═════ Extracted entries ═════

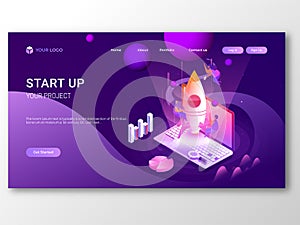 Business Start Up responsive landing page or banner design, illustration of new entrepreneurs working for their startup growth or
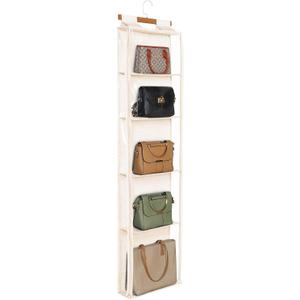 Syeeiex Hanging Handbag Purse Organizer with Zippers, 5 Mesh Shelves,Clear Slubbed Fabric+PVC Hanging Closet Bag Organizer, Dustproof Handbag Closet Tote Storage Bag for Door, Wardrobe, Beige, 16"L x 5.1"W x 59"H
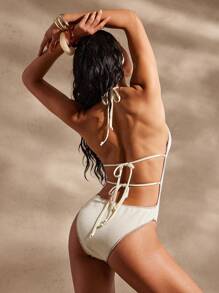 Hauture Costume da bagno di una pezza da donna per l'estate, con punti a frusta marrone e perline di legno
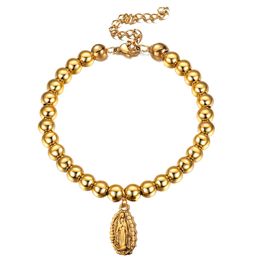 New Fashion Stainless Steel Round Virgin Mary Charm Bracelets For Women Gold Silver Colour Rosary Beads Virgin Mary Bracelet Catholic Jewellery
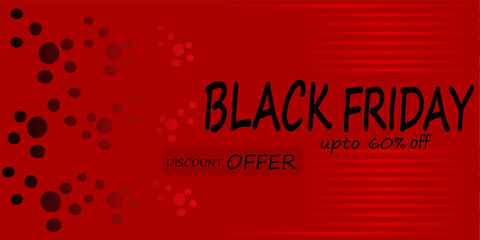 Black Friday Modern Sale Layout with Red Lighting Effect, Stylish Black Friday Marketing Banner with Red Theme, Black Gradient Banner for Mega Sale Event  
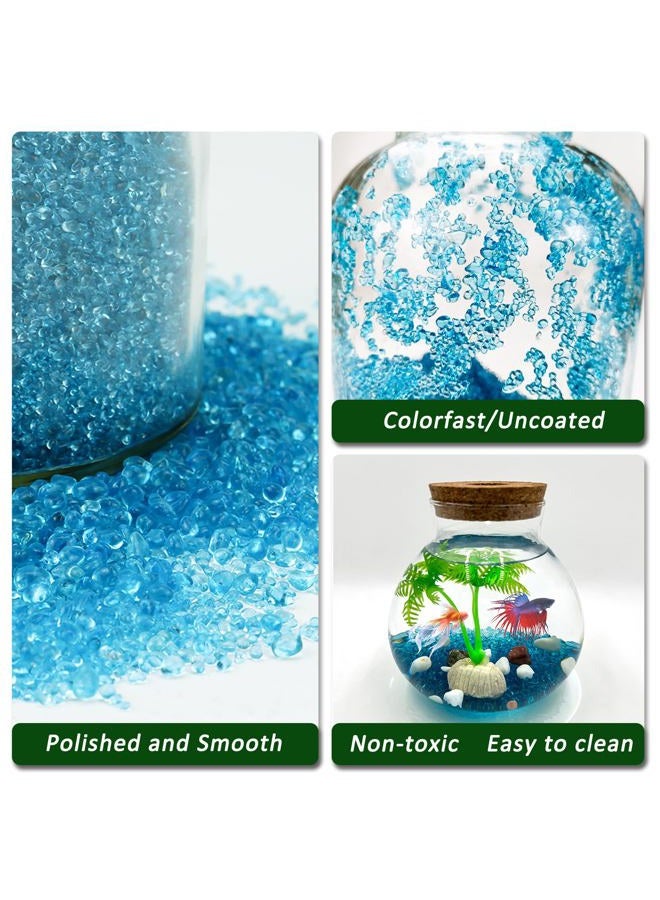 BXI Decorative Stones - Garden Yard Walkway Fish Tank Aquaruim - Gravel Pebble Rock - 2 Pounds - Blue glass sand - Image 3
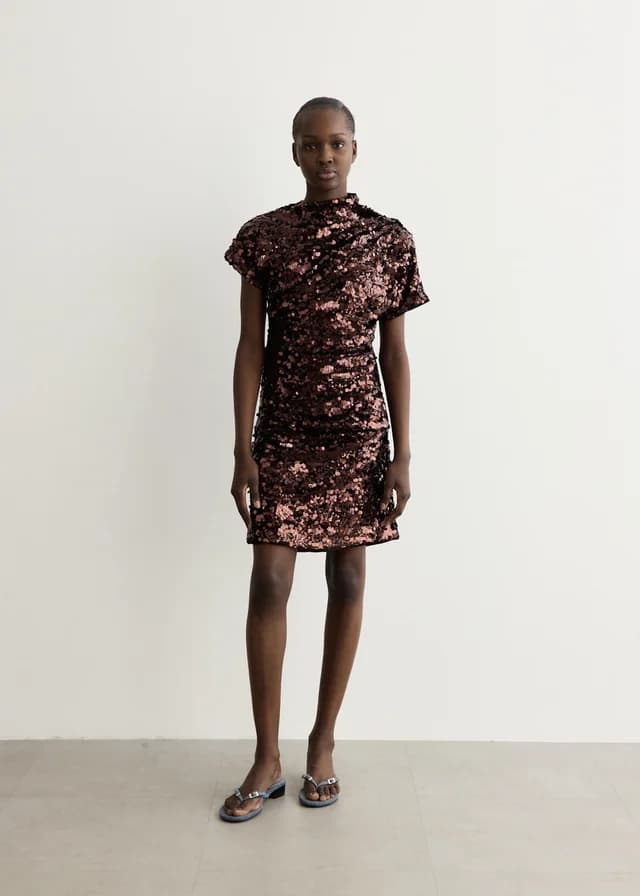 Ganni Velvet Sequins Draped Mini Dress in Demitasse, image 1 of 1 from Incu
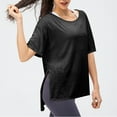 thumbnail image 5 of iHengLiXing Plus Size Womens Tops Dressy Casual Women's Exercises Breathable Running Yoga Sports Round-Neck Short Sleeve Blouse Black XL, 5 of 5
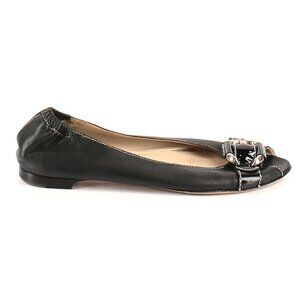 AGL Ballet Flats Shoes 10 Leather Peep Toe Buckle Black Luxury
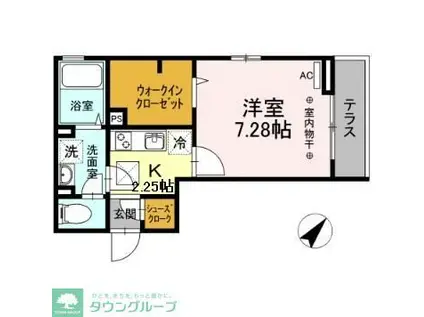 サンハイムS(1K/1階)の間取り写真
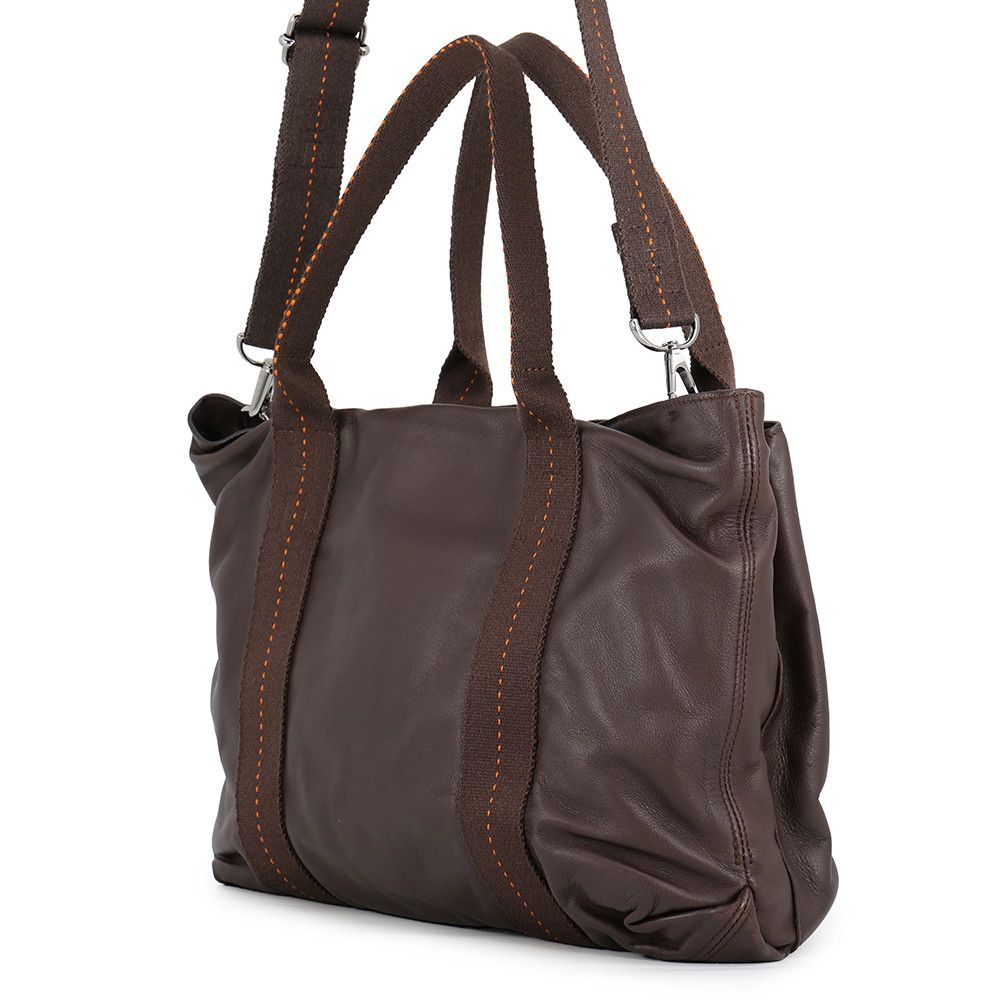 Hermes Tote Bag Caravan Horizontal MM Chocolat Chrome Voderma — view 2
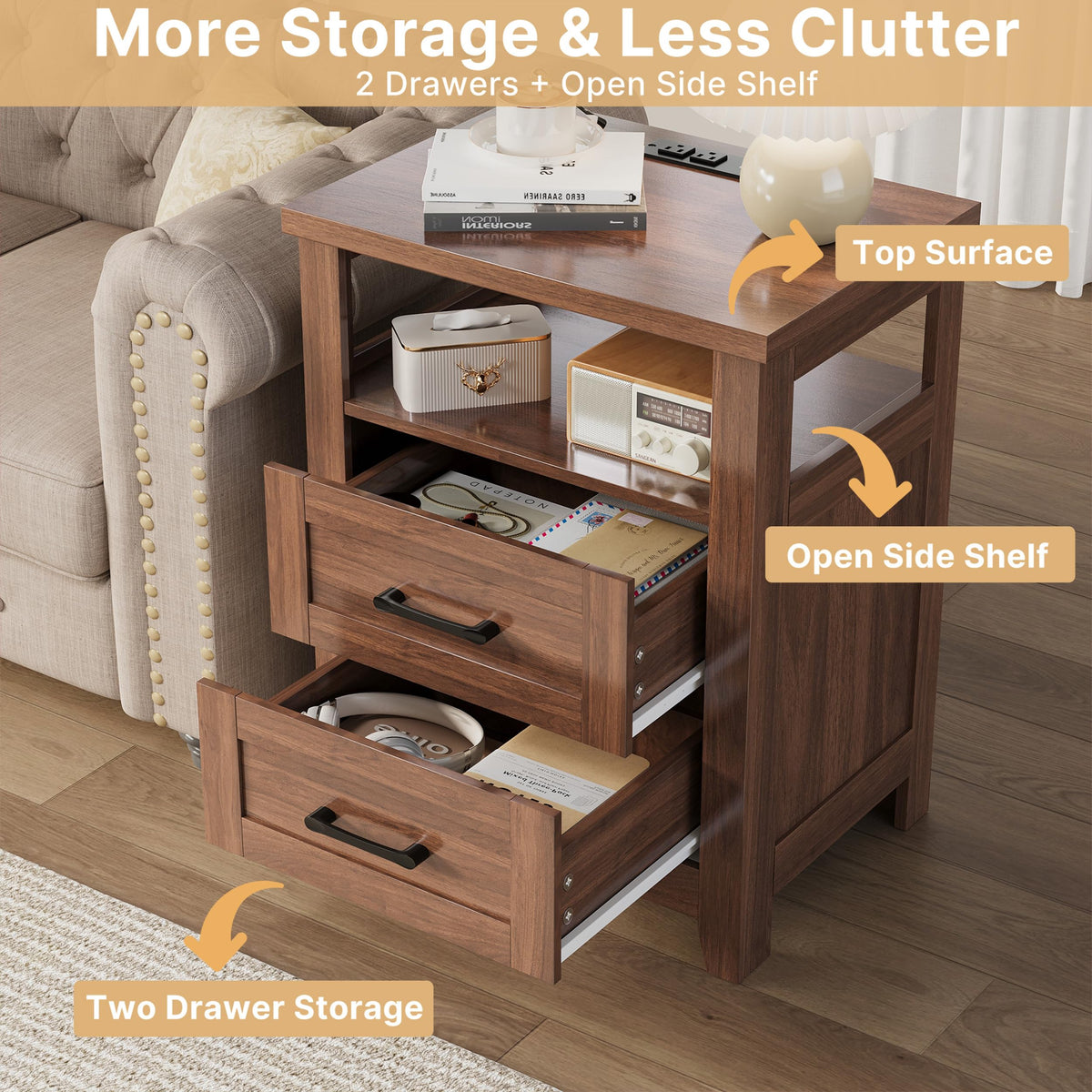 Decofy Farmhouse 2-Drawer Nightstand Set of 2 with Charging Station, Walnut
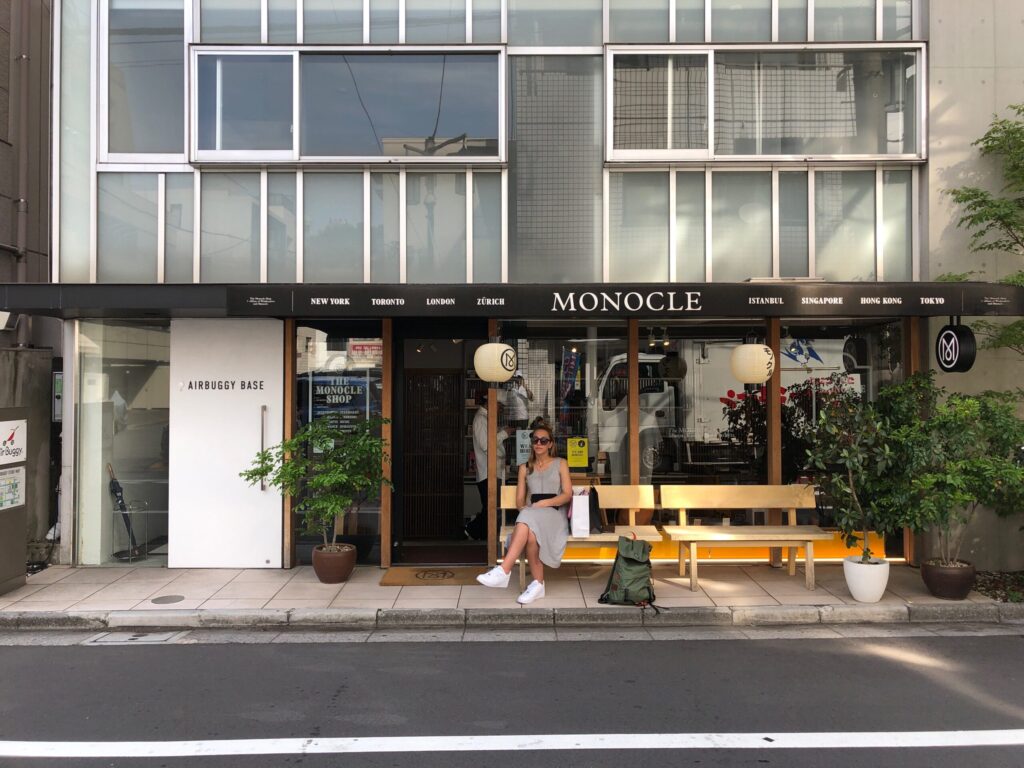 A typical street scene in Tokyo at the Monocle Magazine shop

═════

■ **Assignment**
The data above must be given again in full and unaltered, minus its images.

■ **Solution to this exercise**
 Business Start Up responsive landing page or banner design, illustration of new entrepreneurs working for their startup growth or
 Syeeiex Hanging Handbag Purse Organizer with Zippers, 5 Mesh Shelves,Clear Slubbed Fabric+PVC Hanging Closet Bag Organizer, Dustproof Handbag Closet Tote Storage Bag for Door, Wardrobe, Beige, 16"L x 5.1"W x 59"H
 Hauture Costume da bagno di una pezza da donna per l'estate, con punti a frusta marrone e perline di legno
 New Fashion Stainless Steel Round Virgin Mary Charm Bracelets For Women Gold Silver Colour Rosary Beads Virgin Mary Bracelet Catholic Jewellery
 Black Friday Modern Sale Layout with Red Lighting Effect, Stylish Black Friday Marketing Banner with Red Theme, Black Gradient Banner for Mega Sale Event  
 BXI Decorative Stones - Garden Yard Walkway Fish Tank Aquaruim - Gravel Pebble Rock - 2 Pounds - Blue glass sand - Image 3
 Ganni Velvet Sequins Draped Mini Dress in Demitasse, image 1 of 1 from Incu
 thumbnail image 5 of iHengLiXing Plus Size Womens Tops Dressy Casual Women's Exercises Breathable Running Yoga Sports Round-Neck Short Sleeve Blouse Black XL, 5 of 5
 AGL Ballet Flats Shoes 10 Leather Peep Toe Buckle Black Luxury
 サンハイムS(1K/1階)の間取り写真
 Hermes Tote Bag Caravan Horizontal MM Chocolat Chrome Voderma — view 2
 Decofy Farmhouse 2-Drawer Nightstand Set of 2 with Charging Station, Walnut
 A typical street scene in Tokyo at the Monocle Magazine shop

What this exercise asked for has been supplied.